Thomas caught up with Tabitha in the supply room. He grabbed her by the arm, tried to pull her backward, as if he could rewind time and return these stupid towels to the precise spot he’d left them.
But then he heard a sound behind him. He went stiff.
Tabitha smiled. She’d timed this perfectly.
The rumble of the Malibu’s motor reached them from up the road.
Tabitha dropped the towels to the floor of the supply room and pulled her arm free of her brother’s grip.
He had nothing more to fear from her. This was the only thing she would do to interfere with the evening’s proceedings.
She would let the guests arrive in their due time: Kyla and Fernanda, Ethan and Hunter, Stanley and Penelope.
The furtive Ryan Phan, so easily forgotten.
Soon, Tabitha would help her brother slash Stanley’s tires.
Stan Holiday was the only guest who had stopped here voluntarily and parked within range of the lights, meaning he was the only person at the motel with gas in his tank and easy access to his vehicle.
He was the only person the twins had feared, on the first night, might leave before the ceremony could begin.
The twins would dispose of the knife beneath the front porch.

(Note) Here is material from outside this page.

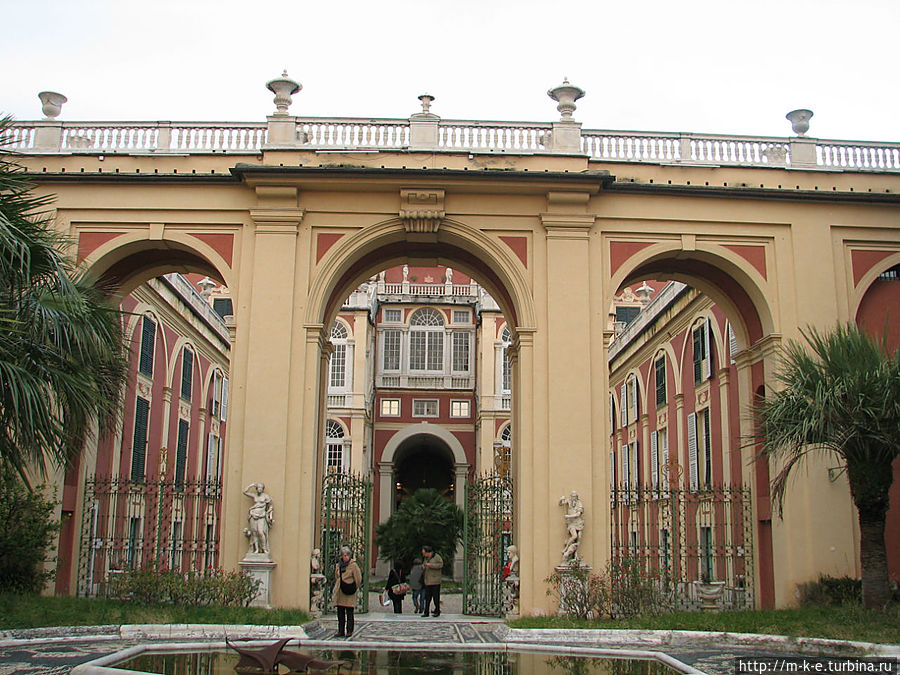 Королевский дворец. Вид с террасы Генуя, Италия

They would switch on the motel’s sign in the moments after Hunter and Ryan, concealed against the wall facing the road, lit up a pair of menthol cigarettes.
Things could proceed however they wanted after that. An experiment, like every other night. Tabitha had simply adjusted a few control parameters.
She pushed back her hair. She smiled at her brother. She said, “Let’s go greet our guests.”